Energy can be saved in surprising places, but let’s meander a bit first

If you own a new car, built in the last decade or so, take look around the wheel wells or perhaps the door sills. You might see pieces of clear plastic film adhered to the bodywork. If you have them they’re put there by the manufacturer to protect the paint in that area from scuff marks or stone chips. The plastic film is a lot tougher than paint is.

That plastic film might make you wonder. If a stone resistant film can be applied to a few small areas why not the same film to protect a whole car? And why only in clear plastic? Why not in colors?

According Soliant, of Lancaster, South Carolina, the film could be applied to whole cars and in an infinite number of color options, including two-tones, metallics, pearlescents, special effects and finishes including chrome and brushed chrome. Soliant says it can match any color car makers throw at them. Cars wouldn’t have to be painted, just a snazzy film applied, including graphics. Why don’t the big car companies do this? Stubbornness. Slow to change. Huge investments in assembly-line paint shops that they don’t want to scrap.

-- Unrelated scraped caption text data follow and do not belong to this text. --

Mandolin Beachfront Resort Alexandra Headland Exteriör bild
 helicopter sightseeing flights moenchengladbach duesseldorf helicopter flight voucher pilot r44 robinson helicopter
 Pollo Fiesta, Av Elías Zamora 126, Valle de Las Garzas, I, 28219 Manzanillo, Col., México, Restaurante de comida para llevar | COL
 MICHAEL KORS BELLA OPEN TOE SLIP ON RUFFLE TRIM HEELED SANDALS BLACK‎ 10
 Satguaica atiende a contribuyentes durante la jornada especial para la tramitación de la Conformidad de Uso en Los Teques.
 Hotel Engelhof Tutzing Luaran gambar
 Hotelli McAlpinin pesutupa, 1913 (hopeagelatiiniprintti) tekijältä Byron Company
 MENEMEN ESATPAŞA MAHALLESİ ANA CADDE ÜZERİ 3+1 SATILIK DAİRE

But that’s just big car companies. Little ones, especially startups, might be more open minded and willing to “paintfilm” a car rather than paint it conventionally. (Paintfilm is the name Soliant gives its product.)

As it turns out, one startup, Carbon Motors Corporation, which is developing and will manufacture the world's first purpose-built law enforcement patrol vehicle, the E7 will give paintfilm a go. In building its production facility for the diesel engined, plastic and aluminum patrol car the company will skip building a paint shop, saving as much as 40 percent of the cost of the new production plant.

And the savings won’t end there. Year after year there will be continued energy savings.

Carbon Motors, by using paintfilm instead of sprayed-on paint, estimates it will save 150,000 megawatt hours of electricity per year; the equivalent power consumption of 17,000 average US homes. (Imagine what a big manufacturer building millions of cars and trucks would save.)

Soliant claims another manufacturer using paintfilm is saving an estimated 23 gigawatt hours of energy equal to 13,200 barrels of petroleum. Further, water savings for the unspecified company using paintfilm is 115,000 tons per year. Using paintfilm cuts air pollution too. Volatile organic compounds (VOC) are reduced up to 98 percent on the production line as compared with traditional painting.

Soliant’s products, Fluorex(R) Paintfilm and Bright Film (chrome alternative), can be used with a variety of plastic and metal substrates including stainless steel and aluminum.

The possibilities with the wide spread use of paintfilm would grow if car manufacturers abandoned sprayed-on paint for paintfilm. Auto body shops could apply new paintfilm for accident repairs with a perfect color match. Older cars could be rejuvenated with a new paintfilm. Body shops would save money on energy costs and eliminate what is now a health and environmental hazard – spray painting.